If you’ve ever encountered any of those problems, I want to solve them for you with this research summary and FREE narrative language protocol.

Both will help you boost your students’ narrative skills; whether you’re pushing in or not.

Here’s the citation for the study I’m going to outline that goes along with the protocol:

Gillam, S. L., Gillam, R.B., & Reece, K. (2012). Language outcomes of contextualized and decontextualized language intervention: Results of an early efficacy study. Language, Speech, and Hearing Services in Schools,  43, 276-291. doi:10.1044/0161-1461(2011/11-0022

First things first. Let’s talk about the study.

It should go without saying that one of the most powerful things you can do to help your students succeed in school and life is to improve their ability to tell (and retell) stories, which is why these researchers sought to answer the million dollar question we’re always asking ourselves:

When it comes to building narrative language, is it better to “push-in” or “pull-out”?

And if it is better to “push-in”, what the heck are we supposed to do when we get there?

Gillam et al compared the impact of the following on measures of narrative language, cohesion, and sentence structure: Contextualized Language Intervention (CLI), Decontextualized Language Intervention (DLI), a control condition.

If you’re wondering what that means, I’ve broken it down in plain English in the table below.

There were a total of 24 students in the study (divided across the three conditions: CLI, DLI, or control). They all had language impairments and were between 6 years, 0 months and 9 years, 0 months in age.

Over the course of a 6-week period, students in the DLI and CLI conditions got interventions focused on language and sentence structure for 50 minutes 3 times per week; while the control group didn’t receive any specialized instruction.

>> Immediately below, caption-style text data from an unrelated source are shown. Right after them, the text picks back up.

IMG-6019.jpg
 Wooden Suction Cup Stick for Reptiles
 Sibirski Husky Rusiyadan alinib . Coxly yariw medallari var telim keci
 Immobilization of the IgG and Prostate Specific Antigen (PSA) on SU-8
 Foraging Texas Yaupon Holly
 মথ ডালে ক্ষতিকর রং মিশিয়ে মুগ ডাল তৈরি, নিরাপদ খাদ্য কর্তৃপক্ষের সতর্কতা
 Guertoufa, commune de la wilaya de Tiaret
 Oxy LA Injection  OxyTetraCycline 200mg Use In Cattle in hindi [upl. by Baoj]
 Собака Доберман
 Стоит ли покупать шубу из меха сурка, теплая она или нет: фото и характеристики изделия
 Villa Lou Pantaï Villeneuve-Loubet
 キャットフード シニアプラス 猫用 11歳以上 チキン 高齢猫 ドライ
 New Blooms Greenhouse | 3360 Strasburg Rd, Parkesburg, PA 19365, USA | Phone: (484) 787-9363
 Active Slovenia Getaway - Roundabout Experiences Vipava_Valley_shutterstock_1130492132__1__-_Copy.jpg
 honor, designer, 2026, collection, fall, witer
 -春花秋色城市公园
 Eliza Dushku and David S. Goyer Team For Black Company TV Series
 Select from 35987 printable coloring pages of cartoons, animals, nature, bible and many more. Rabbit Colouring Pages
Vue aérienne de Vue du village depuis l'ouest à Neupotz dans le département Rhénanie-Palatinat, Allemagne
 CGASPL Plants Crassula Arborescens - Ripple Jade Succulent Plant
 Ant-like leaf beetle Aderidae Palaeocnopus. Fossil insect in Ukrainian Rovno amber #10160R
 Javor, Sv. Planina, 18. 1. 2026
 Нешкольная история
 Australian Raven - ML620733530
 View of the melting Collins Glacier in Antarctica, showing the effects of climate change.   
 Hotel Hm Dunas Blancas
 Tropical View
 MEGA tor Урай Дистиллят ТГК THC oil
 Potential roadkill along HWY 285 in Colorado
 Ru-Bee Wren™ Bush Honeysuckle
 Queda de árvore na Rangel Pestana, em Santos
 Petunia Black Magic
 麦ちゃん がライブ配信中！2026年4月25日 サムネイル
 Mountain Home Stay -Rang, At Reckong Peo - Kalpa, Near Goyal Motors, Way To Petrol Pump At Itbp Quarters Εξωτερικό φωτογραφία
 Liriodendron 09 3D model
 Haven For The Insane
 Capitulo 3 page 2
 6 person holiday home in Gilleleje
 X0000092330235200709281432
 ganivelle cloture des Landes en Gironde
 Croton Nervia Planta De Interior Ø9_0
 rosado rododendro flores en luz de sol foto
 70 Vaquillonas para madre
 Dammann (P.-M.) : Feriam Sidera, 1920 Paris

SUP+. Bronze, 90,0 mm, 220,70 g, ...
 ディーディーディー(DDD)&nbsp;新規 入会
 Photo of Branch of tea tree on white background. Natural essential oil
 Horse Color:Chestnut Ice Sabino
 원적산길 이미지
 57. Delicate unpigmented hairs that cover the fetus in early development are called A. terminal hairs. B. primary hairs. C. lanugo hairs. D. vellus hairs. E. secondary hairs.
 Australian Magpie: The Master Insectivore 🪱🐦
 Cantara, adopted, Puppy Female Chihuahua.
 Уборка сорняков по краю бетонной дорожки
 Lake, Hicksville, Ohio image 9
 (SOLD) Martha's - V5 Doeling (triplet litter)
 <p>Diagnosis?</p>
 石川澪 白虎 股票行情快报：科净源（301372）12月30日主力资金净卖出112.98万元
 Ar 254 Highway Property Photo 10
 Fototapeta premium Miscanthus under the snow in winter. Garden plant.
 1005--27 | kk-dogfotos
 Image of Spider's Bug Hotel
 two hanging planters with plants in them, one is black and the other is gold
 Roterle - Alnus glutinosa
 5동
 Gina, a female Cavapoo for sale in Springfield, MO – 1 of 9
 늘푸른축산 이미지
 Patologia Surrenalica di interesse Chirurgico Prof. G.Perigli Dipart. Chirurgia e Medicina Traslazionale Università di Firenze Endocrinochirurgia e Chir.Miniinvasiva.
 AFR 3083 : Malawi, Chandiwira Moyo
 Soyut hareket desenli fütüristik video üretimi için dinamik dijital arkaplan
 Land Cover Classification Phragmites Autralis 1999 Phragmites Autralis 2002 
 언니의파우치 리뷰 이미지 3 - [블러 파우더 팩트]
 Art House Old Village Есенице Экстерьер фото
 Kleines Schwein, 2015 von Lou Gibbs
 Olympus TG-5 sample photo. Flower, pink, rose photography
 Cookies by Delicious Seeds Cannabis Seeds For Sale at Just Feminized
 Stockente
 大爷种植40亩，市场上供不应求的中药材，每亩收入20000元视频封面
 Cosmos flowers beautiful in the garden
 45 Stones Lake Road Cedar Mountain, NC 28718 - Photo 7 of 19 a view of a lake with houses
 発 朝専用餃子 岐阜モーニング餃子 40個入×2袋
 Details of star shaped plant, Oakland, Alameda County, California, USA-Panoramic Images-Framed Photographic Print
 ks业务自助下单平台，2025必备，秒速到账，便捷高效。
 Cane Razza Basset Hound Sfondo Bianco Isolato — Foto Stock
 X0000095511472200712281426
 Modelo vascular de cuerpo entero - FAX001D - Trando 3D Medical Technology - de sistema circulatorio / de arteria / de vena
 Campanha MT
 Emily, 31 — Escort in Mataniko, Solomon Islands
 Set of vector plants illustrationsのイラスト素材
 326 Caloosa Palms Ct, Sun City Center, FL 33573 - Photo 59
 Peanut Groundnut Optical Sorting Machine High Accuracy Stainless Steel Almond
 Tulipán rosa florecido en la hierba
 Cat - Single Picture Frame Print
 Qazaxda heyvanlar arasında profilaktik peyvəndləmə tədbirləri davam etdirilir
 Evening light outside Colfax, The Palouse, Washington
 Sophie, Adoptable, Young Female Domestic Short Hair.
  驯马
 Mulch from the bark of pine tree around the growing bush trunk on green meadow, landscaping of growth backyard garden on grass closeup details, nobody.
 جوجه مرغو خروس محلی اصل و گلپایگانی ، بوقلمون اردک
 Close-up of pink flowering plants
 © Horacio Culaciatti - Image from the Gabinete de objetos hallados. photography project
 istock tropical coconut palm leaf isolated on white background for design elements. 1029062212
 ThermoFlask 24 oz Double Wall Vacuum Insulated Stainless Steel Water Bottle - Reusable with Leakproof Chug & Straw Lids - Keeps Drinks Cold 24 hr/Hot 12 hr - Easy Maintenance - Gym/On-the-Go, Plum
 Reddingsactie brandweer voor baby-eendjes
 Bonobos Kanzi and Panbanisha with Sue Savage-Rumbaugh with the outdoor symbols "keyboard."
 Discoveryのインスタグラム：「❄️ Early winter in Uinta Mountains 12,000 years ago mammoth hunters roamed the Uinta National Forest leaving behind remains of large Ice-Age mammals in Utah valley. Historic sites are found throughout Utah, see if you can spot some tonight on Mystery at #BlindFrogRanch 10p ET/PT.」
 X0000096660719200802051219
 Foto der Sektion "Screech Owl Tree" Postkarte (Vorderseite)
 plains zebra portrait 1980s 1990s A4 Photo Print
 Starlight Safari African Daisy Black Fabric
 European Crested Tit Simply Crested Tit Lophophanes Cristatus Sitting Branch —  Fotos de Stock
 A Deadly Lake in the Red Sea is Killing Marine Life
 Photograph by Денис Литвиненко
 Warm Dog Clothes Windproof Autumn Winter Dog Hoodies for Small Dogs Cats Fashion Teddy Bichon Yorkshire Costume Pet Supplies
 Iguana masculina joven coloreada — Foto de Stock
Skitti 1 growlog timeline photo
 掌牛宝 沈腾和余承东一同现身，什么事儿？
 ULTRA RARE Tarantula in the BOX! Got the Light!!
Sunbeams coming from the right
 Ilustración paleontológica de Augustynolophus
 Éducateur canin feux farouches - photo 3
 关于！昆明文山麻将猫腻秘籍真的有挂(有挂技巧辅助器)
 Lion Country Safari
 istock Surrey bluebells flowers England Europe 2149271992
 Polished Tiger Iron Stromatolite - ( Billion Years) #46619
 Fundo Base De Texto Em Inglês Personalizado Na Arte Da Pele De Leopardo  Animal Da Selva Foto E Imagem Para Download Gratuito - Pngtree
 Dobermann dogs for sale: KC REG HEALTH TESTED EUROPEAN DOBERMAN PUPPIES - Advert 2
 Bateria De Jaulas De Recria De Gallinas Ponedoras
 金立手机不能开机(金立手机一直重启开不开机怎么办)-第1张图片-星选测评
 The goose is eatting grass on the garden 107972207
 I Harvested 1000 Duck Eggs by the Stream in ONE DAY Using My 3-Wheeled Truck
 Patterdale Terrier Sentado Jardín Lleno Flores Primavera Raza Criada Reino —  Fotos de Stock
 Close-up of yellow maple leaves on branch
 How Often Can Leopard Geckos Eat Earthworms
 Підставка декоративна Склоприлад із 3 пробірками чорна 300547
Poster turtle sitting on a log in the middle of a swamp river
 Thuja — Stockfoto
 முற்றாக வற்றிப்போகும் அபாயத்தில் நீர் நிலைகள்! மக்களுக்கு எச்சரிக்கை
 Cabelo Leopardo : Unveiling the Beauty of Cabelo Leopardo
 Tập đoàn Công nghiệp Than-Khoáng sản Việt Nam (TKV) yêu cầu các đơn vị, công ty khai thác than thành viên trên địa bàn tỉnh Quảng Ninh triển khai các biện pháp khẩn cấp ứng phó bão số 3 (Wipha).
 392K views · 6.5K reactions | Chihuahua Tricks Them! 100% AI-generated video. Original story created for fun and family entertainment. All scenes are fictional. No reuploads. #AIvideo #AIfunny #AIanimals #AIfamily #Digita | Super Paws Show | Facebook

Here’s a breakdown of the three conditions in the study:

narrative language therapy; language impairments; push-in therapy

*For a step-by-step protocol of CLI for narratives, check out this FREE download.

Now let’s talk about the results.

The researchers compared performance before/after intervention using the following measures:

Clinical Evaluation of Language Fundamentals-4th Ed. (CELF-4) Recalling Sentences Subtest, Formulated Sentences Subtest

Test of Narrative Language (TNL): Narrative Language Index, Narrative Comprehension Subtest

Monitoring Indicators of Scholarly Language (MISL): Microstructure Subscale, Macrostructure Subscale

Gillam et al. found that the DLI and CLI groups outperformed the control condition; which shows that both types of intervention were better than doing nothing; so no surprises there.  This is encouraging because it shows that both “in context” and “out of context” methods were effective in improving language skills.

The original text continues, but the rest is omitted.